**RAW DATA:**
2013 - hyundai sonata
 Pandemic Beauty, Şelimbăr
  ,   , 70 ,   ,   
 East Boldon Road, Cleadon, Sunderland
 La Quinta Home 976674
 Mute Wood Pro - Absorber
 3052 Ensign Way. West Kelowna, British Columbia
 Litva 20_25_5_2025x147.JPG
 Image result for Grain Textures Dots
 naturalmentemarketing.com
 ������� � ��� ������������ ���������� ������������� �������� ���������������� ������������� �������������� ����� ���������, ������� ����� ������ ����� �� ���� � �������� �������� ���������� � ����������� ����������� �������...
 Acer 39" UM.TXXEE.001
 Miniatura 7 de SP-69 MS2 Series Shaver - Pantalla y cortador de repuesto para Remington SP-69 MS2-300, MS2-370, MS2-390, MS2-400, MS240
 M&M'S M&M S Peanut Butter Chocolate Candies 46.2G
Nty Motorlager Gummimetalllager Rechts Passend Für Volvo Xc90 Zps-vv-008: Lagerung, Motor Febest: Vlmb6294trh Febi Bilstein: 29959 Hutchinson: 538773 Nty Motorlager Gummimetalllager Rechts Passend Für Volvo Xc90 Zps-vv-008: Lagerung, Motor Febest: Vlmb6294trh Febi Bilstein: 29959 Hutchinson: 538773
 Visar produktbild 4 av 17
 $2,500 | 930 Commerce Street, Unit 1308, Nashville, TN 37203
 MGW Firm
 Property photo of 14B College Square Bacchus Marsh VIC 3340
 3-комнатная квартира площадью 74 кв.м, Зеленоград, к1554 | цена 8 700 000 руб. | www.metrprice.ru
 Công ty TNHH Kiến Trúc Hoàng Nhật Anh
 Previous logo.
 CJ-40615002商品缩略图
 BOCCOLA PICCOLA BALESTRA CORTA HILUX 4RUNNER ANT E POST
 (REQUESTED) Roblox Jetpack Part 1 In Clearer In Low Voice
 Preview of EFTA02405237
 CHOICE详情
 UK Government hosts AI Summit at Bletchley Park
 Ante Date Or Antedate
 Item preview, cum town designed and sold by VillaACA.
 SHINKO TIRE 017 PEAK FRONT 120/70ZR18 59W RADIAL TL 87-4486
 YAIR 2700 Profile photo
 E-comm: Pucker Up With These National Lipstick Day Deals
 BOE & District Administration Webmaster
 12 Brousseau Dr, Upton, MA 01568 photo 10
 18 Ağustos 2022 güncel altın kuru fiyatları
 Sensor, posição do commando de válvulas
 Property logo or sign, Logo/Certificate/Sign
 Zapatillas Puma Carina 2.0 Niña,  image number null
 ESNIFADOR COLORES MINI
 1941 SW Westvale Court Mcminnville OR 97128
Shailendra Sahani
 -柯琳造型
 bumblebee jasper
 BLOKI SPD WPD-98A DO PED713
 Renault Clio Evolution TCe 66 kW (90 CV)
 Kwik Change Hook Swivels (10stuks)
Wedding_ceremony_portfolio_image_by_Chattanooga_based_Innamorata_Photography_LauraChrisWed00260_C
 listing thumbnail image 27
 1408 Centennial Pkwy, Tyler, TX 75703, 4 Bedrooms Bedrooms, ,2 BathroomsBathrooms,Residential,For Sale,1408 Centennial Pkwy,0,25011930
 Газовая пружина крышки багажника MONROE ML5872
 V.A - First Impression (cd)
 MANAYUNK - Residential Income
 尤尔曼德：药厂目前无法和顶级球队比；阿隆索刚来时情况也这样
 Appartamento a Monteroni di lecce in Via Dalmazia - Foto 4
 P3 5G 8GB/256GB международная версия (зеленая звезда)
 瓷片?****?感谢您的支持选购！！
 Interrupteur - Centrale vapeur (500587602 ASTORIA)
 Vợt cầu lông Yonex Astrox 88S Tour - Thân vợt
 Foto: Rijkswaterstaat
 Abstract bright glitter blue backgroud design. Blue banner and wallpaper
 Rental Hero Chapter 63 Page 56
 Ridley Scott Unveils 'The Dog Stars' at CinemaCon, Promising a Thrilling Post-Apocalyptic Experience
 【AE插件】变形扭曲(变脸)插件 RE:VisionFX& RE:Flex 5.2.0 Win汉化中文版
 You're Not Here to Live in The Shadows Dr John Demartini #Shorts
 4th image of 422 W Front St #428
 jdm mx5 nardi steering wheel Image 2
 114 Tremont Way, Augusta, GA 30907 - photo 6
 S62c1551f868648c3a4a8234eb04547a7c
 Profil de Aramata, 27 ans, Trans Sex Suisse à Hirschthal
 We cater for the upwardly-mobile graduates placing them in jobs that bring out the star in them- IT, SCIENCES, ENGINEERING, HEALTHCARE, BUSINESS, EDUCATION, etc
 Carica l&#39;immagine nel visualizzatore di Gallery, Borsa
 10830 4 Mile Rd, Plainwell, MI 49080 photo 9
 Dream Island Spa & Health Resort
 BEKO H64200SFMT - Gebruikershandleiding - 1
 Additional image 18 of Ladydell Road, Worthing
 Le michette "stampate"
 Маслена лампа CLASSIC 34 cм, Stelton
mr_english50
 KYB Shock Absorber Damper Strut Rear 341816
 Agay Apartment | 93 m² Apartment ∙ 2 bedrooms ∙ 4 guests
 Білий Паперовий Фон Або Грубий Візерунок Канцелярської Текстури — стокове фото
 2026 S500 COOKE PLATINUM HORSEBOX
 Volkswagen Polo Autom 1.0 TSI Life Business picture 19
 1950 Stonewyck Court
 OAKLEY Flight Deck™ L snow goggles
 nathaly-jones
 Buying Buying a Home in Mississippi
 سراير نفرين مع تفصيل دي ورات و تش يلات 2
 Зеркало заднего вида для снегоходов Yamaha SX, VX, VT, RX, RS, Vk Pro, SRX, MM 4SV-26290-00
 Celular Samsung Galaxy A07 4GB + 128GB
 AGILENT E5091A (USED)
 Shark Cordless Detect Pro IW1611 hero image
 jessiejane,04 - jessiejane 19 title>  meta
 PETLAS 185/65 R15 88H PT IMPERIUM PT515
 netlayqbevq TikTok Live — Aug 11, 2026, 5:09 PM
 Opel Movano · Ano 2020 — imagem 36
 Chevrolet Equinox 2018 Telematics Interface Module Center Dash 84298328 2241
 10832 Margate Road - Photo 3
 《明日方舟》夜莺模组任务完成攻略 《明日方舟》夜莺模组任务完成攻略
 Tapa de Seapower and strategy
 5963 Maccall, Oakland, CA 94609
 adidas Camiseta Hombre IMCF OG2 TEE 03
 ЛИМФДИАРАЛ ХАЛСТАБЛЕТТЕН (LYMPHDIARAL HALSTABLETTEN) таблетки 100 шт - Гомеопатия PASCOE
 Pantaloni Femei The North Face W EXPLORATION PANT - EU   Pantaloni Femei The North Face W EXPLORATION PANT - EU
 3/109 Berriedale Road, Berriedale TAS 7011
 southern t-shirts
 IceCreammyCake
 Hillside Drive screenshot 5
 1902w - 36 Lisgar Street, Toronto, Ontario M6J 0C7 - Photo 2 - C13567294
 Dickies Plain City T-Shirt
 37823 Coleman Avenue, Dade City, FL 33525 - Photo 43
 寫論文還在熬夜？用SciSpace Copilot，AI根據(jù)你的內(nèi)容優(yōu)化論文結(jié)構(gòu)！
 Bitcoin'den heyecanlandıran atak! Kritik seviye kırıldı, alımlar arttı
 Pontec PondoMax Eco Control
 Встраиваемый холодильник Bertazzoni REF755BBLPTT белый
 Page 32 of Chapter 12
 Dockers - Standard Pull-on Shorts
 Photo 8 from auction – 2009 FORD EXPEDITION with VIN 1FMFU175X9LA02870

**TASK ITEM:** For every line above that has "City" in it, copy the line.

**RESPONSE BELOW:**
 Dickies Plain City T-Shirt
 37823 Coleman Avenue, Dade City, FL 33525 - Photo 43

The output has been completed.